The maintenance process includes running an Orbix 3 test suite before and after any changes made in the Orbix 3 source code in order to

  • see if the bug has been fixed, and

  • check that the changes themselves do not introduce new bugs into the software.

The test suite consists of many hundreds of test cases. Each fixed bug results in one more test case added to the test suite. This test case should examine the problem associated with the bug and demonstrate that the problem has been solved. Thus the number of test cases in the test suite is constantly growing.

The serial execution of a test suite on a single machine might take from 9 to 21 hours depending on the particular machine and its workload. The test suite must be run against at least three major platforms. For each platform the test suite must be run at least twice, namely before and after the corresponding changes are made in the Orbix 3 source code. Thus, on average, the best time for running a test suite is 90 hours per bug. Often, however, it takes longer. For example, if a bug is reported in some minor platform, the test suite should be run against all major platforms and the minor platform. If the bug has enough complexity, the very first solution of the problem may introduce new bugs, and hence more than one solution will have to be tested during the work on the bug.

In terms of time, serial running of the test suite is the most expensive part of the maintenance process. So its acceleration could significantly improve the overall performance of the maintenance team. Since the local network of computers available to the maintenance team includes more than one machine for each major platform and most of the machines are multiprocessor workstations, parallel execution of the test suite seems to be a natural way to speed up its running.

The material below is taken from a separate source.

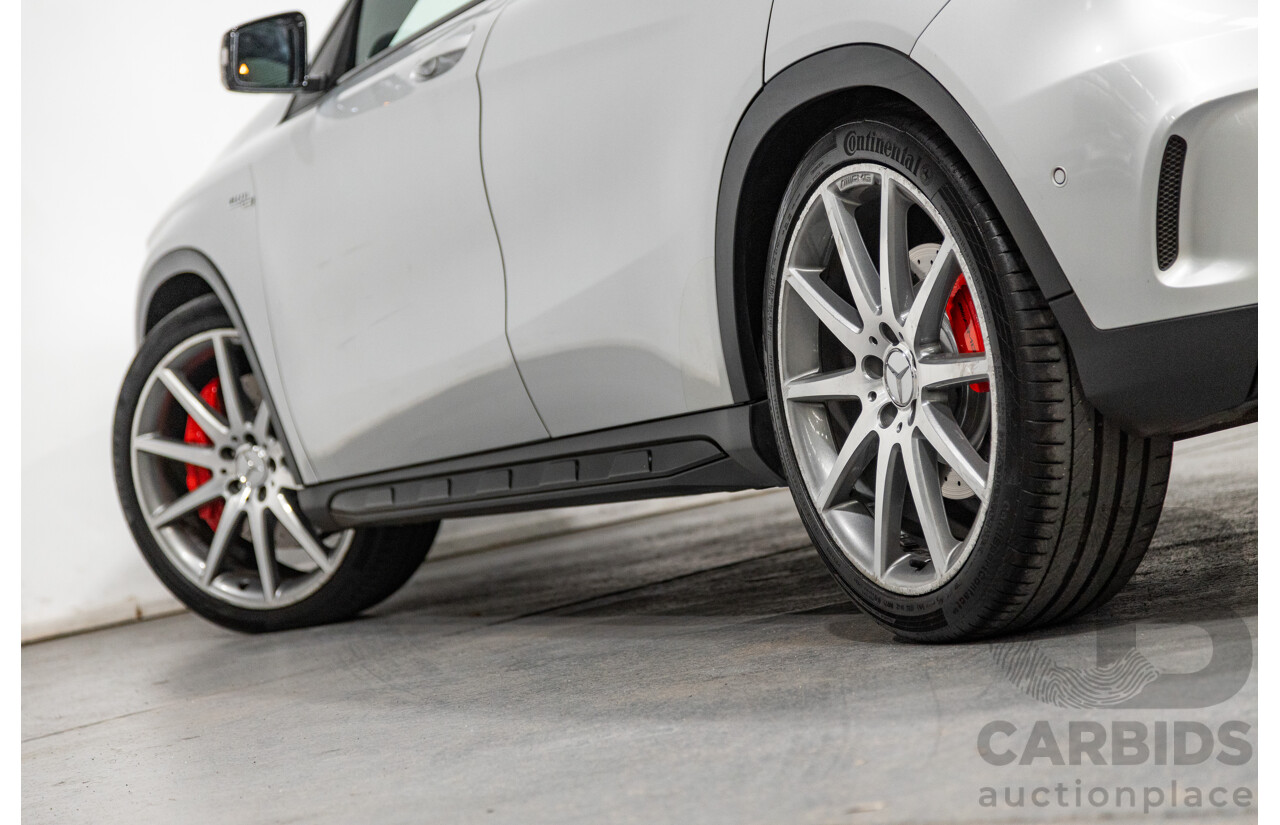 2/2015 Mercedes Benz GLA45 AMG 4matic (AWD) X156 MY15 4d Wagon Polar Silver Metallic Turbo 2.0L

10.2.2. Parallel Execution of the Orbix Test Suite on a Cluster of Multiprocessor Workstations

As all major platforms, against which Orbix 3 should be tested, are Unix clones, an immediate idea is to use the GNU make utility for parallel execution of different test cases of the test suite. On Unix platforms, the ‘-j’ option tells make to execute many jobs simultaneously. If the ‘-j’ option is followed by an integer, this is the number of jobs to execute at once. If this number is equal to the number of available processors, there will be as many parallel streams of jobs as processors. As the utility assigns jobs to parallel streams dynamically, the load of the processors will be naturally balanced.

This simple approach has several restrictions. One is that it can only parallelize the execution of a set of jobs on a single multiprocessor machine. Another restriction is that if some jobs in the set are not fully independent, the straightforward parallelization may not guarantee their proper execution. For example, a number of jobs may share the same resources (processes, databases, etc.) whose state they both change and depend on in their behavior. Such jobs should not be executed simultaneously, but the GNU make utility provides no direct way to specify that constraint.

A typical test case from the Orbix 3 test suite builds and executes a distributed application (see Section 10.1 for an example of distributed application). The test suite usually includes the following steps:

  • Building executables of the server(s) and clients of the distributed application.

  • Running the application.

  • Analyzing the results and generating a report. The report shows whether the test case passed or failed, and includes the start time and end time of its execution.

On completion of the execution of the test suite, all individual reports produced by the test cases are summarized in a final report.

During the serial running of the test suite on a single computer, the test cases share the following resources:

  • Basic system software such as compilers, interpreters, loaders, utilities, and libraries.

  • An Orbix daemon through which servers and clients of Orbix distributed applications interact with one other. The daemon is started up once, before the test suite starts running.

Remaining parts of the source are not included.